Christian Wakeford led the way this week by actually crossing the floor of the House to become a colleague of Richard Burgon and Dawn Butler as he delivered condemnatory broadsides against Boris Johnson. But he was far from alone. The veteran David Davis had a dotage moment in the chamber by absurdly invoking Leo Amery’s war-time plea to Neville Chamberlain; ‘For God’s sake go’.

It won him some headlines so cheap that they would undercut a pound shop’s January sale. Yet the effect was not to lead to any feeling among colleagues that Davis had captured the mood of the House, but rather to expose the rampant egotism of those attempting to hasten Johnson’s demise.

The next day it was William Wragg who placed himself centre stage by claiming Tory whips were up to all kinds of nefarious things in their bid to prop up the PM and inviting colleagues to report them to Cressida Dick at the Metropolitan Police.


Then we also had the so-called ‘Pork Pie Plotters’ who went around briefing that 20 no confidence letters would be sent to 1922 Committee chairman Sir Graham Brady in one Big Bertha batch. They weren’t, of course.

One of those allegedly involved in the plot, the Bishop Auckland MP Dehenna Davison, aged 28, gave an interview to her local paper denying she was ‘leading a coup’ against Johnson. Yet Ms Davison, who would surely admit she only won her previously rock-solid Labour seat because of the extraordinary connection the PM established with the Red Wall, did not actually deny being part of a plot or wanting him to step aside.

By dint of political longevity and erstwhile seniority Davis was already a well-known figure, while Davison has demonstrated what we may gently describe as a flair for publicity ever since being elected in 2019. But before this week Messrs Wragg and Wakeford would have been in danger of falling victim to that old joke about not even being household names in their own households.

Tory MPs are quite entitled to ponder getting rid of Johnson. He has made many shocking errors of judgment and may indeed have become an electoral liability – though I would suggest it is too early to be sure of that.

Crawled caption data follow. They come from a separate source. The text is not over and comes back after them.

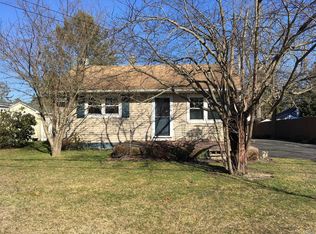 15 Tulip Ave, Oakdale, NY 11769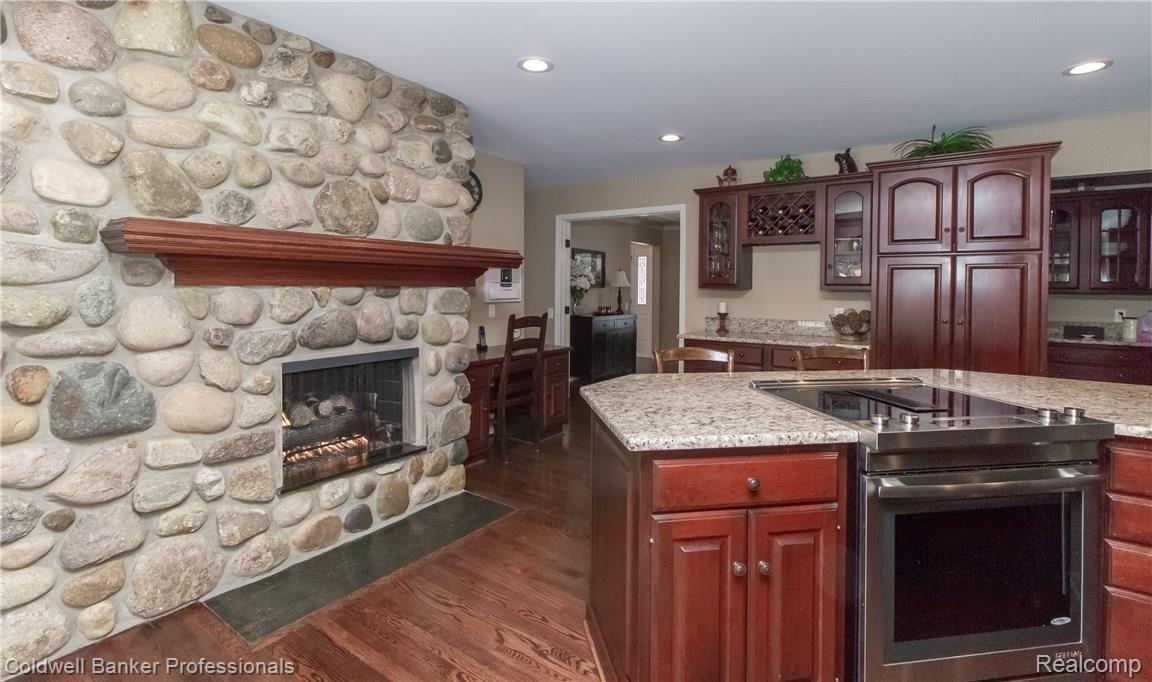 9150 Fox Hollow Road Clarkston, MI 48348 - Photo 19 of 58 Fireplace in the kitchen too!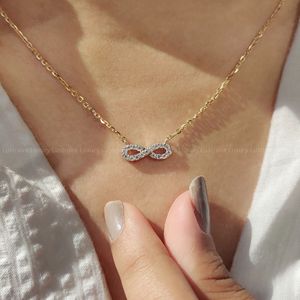 Colgante Infinito de Oro con Diamantes Redondos y Cadena, Elegante Collar de Joyería Fina - Product Image 4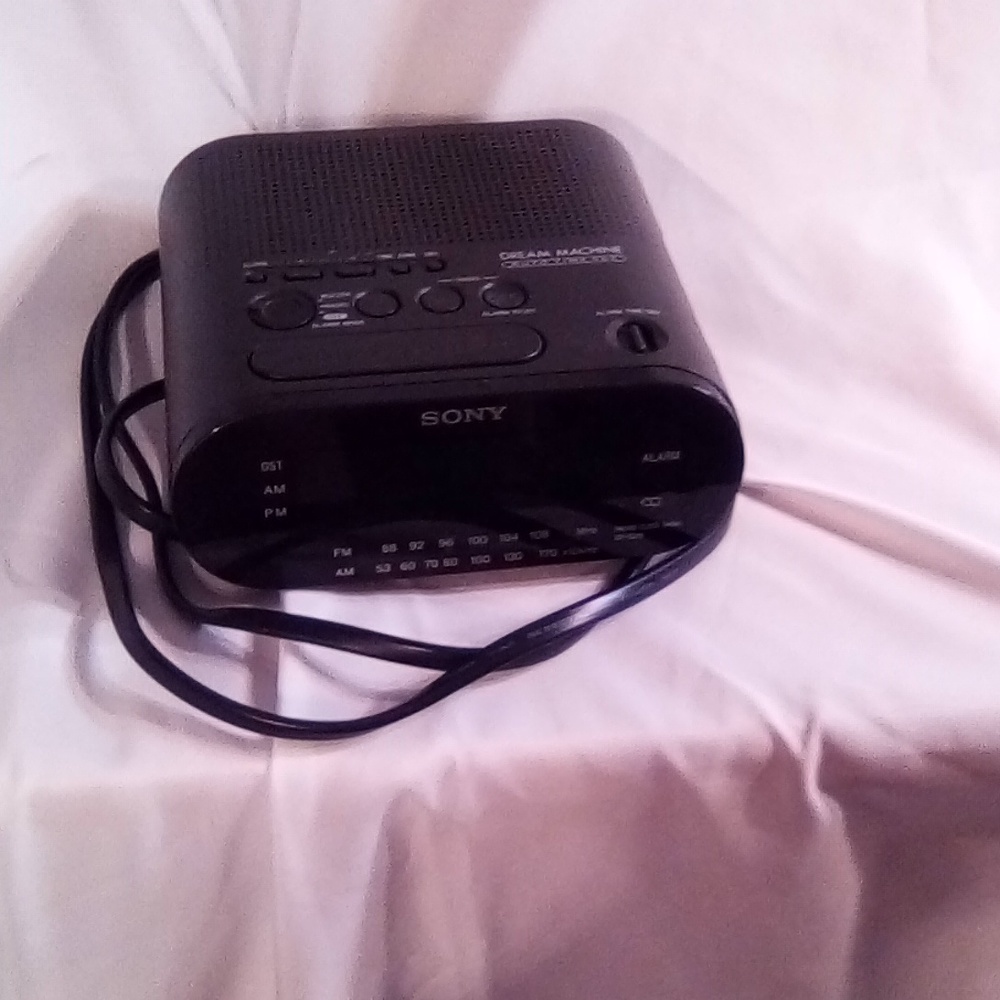 AM  FM radio alarm clock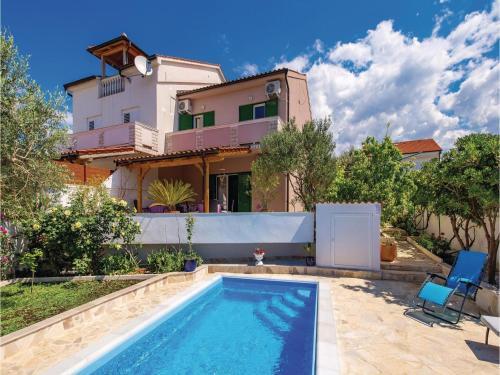 Three-bedroom Holiday Home In Barbat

But in their haste to grab a share of the media action, some backbenchers are surely playing into Labour’s hands. They are certainly overreacting to short-term events. For nearly all of this parliament the government has been in the lead in the polls, which is extraordinary. For the past month it has been behind, which should be regarded as ordinary, but strangely isn’t.

Are Conservatives who think toppling Johnson an essential pre-condition to future success not in danger of confusing climate and weather? Waiting a bit would enable them to make a more considered judgment on that.

Or perhaps they have come to believe a contention being promoted by Labour supporters – that any Conservative MP not seen to publicly condemn the Prime Minister and call for his resignation right now will be damned forever more by their own furious constituents.

Our old friend Alastair Campbell is one of the most successful promoters of this opinion, for example tweeting late on Thursday evening: ‘My daily reminder to Tory MPs that every day they continue to prop up this crooked charlatan as PM they damage themselves, their party and most importantly the country.’

Yet there is zero evidence to suggest and almost no reason to believe that when voters go into polling stations at the next general election many will vote on the basis of the opinion their sitting Tory MP expressed in early 2022 about whether Mr Johnson should continue in Downing Street.

If Johnson is still there that will presumably imply he was able to mount some sort of opinion poll recovery post Partygate anyway. If he is gone then voters will cast their ballots on the basis of how well a new prime minister is doing and what they think of Keir Starmer’s Labour party by comparison.

The sensible and dignified way forward for Tory MPs is to quietly ponder the contents of the Gray Report when it is released and decide on the basis of that and any further relevant events whether to send a no confidence letter in to Sir Graham. To seek to be a star of any impending prime ministerial defenestration is a most unseemly ambition.